Es hasta natural que asé sea. Si Cristo está donde aflora como descolorido rastrojo erizado el sufrimiento, es explicable que la paz perdida se halle también en esos mismos brazos de donde no acaban de caer los clavos que los mantienen abiertos.
La paz de Cristo es un don que vale la pena merecer. Es importante morir en paz, pero aun lo es más disfrutarla en vida, porque la paz que sólo Dios da, es un valladar insalvable contra el que se estrellan insidias, añagazas, empellones y desafueros.
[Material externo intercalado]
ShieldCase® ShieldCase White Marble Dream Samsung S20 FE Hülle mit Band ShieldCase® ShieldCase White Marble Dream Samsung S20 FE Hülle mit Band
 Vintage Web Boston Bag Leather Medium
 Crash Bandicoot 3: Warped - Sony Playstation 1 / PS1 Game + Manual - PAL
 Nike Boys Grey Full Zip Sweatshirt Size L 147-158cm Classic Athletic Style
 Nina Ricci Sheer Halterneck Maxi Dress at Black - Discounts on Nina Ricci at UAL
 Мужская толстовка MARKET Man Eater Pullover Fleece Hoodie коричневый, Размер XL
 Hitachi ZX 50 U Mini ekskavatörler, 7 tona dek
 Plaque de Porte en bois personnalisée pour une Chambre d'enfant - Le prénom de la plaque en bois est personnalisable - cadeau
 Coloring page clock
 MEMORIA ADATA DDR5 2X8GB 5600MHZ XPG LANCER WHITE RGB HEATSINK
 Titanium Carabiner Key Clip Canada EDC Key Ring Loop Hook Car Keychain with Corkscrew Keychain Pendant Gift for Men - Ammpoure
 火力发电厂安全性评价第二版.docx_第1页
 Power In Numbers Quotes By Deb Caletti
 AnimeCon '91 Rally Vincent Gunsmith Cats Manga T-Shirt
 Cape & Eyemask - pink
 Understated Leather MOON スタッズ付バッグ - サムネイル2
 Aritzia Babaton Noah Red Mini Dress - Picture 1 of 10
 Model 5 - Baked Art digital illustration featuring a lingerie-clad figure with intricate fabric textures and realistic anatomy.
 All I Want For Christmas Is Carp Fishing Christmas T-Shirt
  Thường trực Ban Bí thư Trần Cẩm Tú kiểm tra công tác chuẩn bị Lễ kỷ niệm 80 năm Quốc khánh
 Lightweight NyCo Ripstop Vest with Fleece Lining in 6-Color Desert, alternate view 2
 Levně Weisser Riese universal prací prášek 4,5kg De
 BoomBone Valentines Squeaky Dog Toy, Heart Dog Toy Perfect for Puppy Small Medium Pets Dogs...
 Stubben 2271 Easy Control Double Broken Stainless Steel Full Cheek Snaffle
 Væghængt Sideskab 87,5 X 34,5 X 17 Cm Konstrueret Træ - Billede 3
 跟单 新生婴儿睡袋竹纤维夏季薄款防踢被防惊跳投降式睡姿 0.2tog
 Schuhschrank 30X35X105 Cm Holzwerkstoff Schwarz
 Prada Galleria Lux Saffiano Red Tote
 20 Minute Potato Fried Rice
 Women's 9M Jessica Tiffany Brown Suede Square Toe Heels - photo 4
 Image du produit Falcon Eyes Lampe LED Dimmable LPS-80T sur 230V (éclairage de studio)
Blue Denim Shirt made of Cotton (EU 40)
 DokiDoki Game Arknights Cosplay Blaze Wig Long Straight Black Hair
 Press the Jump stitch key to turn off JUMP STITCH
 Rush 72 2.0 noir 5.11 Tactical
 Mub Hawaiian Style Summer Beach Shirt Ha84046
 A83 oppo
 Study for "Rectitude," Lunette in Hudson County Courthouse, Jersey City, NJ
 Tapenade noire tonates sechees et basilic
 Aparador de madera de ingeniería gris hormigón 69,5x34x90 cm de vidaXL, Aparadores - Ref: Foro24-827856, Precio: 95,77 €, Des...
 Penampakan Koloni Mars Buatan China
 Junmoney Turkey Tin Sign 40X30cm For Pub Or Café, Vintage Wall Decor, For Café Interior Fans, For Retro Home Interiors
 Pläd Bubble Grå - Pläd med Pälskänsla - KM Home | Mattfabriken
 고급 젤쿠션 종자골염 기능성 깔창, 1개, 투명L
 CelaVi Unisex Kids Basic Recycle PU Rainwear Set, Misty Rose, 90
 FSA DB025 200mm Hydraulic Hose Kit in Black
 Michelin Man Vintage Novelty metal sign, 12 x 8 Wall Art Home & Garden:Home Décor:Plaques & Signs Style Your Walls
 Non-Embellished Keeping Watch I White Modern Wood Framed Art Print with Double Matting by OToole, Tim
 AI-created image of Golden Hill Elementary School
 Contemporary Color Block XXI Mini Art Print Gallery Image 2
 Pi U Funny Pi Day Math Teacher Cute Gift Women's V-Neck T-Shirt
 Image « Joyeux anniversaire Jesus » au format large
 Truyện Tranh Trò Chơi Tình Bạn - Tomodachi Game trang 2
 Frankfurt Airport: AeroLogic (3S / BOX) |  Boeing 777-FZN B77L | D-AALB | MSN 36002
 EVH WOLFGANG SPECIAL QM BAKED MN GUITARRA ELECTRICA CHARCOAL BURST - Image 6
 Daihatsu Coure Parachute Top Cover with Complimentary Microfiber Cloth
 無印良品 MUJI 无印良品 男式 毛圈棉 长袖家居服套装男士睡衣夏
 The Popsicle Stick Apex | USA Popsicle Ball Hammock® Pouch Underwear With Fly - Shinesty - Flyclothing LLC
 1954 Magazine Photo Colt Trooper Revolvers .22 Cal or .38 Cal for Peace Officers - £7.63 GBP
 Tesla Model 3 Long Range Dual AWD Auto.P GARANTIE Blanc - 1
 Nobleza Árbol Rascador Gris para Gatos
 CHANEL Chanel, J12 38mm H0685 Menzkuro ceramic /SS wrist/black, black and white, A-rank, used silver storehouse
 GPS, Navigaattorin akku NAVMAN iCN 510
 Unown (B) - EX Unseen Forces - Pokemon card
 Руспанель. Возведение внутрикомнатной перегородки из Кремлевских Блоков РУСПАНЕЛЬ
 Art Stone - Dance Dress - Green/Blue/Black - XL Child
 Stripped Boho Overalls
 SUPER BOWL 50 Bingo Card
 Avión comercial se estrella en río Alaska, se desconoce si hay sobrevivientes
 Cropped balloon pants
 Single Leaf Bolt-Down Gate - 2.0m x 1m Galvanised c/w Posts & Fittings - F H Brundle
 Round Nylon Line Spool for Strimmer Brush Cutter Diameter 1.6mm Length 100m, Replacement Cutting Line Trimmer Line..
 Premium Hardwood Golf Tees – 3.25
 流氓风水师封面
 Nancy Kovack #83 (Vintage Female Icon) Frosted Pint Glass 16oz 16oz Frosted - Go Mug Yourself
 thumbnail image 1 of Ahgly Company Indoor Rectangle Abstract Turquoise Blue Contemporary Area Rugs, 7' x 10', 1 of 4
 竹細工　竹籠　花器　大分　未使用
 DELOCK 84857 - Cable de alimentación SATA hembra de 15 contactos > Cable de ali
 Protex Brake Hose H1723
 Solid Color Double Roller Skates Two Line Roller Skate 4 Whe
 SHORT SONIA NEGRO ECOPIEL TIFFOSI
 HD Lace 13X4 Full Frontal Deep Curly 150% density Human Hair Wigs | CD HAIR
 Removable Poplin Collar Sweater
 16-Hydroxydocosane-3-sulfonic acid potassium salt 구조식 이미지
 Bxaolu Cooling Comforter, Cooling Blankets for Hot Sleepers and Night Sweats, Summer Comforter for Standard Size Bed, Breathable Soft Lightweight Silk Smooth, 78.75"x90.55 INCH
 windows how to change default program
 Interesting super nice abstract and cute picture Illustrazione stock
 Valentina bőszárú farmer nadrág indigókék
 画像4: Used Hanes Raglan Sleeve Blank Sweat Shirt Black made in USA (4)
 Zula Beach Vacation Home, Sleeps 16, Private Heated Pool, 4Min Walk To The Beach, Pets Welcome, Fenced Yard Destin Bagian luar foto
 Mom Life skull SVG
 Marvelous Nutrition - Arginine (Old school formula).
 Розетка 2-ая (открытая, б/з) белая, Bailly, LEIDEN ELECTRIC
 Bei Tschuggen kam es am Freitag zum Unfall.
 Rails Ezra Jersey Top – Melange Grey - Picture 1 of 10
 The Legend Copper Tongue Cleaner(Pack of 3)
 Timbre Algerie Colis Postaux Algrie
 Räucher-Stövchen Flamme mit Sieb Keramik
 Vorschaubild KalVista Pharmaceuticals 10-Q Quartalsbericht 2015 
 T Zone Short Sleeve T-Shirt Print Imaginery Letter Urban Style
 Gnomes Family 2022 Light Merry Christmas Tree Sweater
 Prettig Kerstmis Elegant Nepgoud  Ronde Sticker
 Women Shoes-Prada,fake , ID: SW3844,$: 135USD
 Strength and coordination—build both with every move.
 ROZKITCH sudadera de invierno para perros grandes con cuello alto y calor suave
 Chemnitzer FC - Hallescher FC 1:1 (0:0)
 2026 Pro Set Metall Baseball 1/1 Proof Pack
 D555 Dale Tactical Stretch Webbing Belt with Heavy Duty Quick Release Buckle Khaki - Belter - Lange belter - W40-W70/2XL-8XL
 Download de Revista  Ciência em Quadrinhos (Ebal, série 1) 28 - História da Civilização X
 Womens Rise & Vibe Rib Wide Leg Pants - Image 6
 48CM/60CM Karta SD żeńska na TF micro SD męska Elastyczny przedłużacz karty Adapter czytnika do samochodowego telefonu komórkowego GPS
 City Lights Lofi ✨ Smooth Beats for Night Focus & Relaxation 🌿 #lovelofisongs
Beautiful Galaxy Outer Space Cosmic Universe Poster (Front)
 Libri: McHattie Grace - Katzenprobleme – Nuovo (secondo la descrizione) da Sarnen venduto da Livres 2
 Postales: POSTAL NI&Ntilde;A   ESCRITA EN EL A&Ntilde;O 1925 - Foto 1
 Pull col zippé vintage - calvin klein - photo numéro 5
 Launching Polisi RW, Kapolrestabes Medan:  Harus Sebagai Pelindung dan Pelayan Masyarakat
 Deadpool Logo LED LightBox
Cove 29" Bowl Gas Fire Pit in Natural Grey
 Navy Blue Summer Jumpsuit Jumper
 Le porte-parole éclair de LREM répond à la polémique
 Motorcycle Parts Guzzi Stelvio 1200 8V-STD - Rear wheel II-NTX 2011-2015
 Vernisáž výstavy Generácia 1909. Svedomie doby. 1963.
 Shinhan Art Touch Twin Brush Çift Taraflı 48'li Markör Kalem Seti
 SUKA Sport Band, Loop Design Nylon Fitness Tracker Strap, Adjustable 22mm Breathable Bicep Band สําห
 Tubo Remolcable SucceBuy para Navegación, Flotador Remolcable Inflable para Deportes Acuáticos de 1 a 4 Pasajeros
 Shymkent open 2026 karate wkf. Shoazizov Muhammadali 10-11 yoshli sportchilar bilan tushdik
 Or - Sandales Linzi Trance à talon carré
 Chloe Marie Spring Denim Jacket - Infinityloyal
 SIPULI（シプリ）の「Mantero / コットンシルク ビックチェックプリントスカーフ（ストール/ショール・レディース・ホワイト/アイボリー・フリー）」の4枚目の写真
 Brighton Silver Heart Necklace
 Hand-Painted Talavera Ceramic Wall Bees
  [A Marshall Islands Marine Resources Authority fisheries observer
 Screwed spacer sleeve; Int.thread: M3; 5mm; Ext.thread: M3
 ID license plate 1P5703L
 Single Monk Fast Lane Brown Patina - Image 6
Reflexión: ¿Cómo era María?
No sabemos cómo era la Virgen. Parece ser que era una joven de pocos años, limpia como el corazón de una fuente, nazarena, de ojos humildes, y que en su bondad rivalizaba con ángeles, y que no sólo enamoró a José, el carpintero; enamoró al mismo Dios. No sabemos si era esbelta o baja, de tez morena o clara, guapa o normalita.
Los pintores, desde la piedad cristiana, la han imaginado bellísima, noble, siempre seria y piadosa, según los cánones de belleza de cada tiempo. En todo caso, lo que importa no es su porte corporal, sino la grandeza de su corazón de madre en el que cupo, más o menos ajustado, el Hijo de Dios. Y si Jesús, su hijo, cantó los beneficios de la austeridad que aligera el corazón del pobre y se mostró tan compasivo con el dolor del hombre como desprovisto de pertenencias y dignidades, compasiva y pobre fue ella dignísimamente. Su belleza descansaba en la sencillez, la amabilidad y la cuidadosa atención con que retenía lo que oía sobre los divinos misterios, que al adivinarlos, los guardaba en su corazón, como quien guarda una perla singular.
Lucas es quien más supo de ella. Tal vez, tampoco él lo supo todo.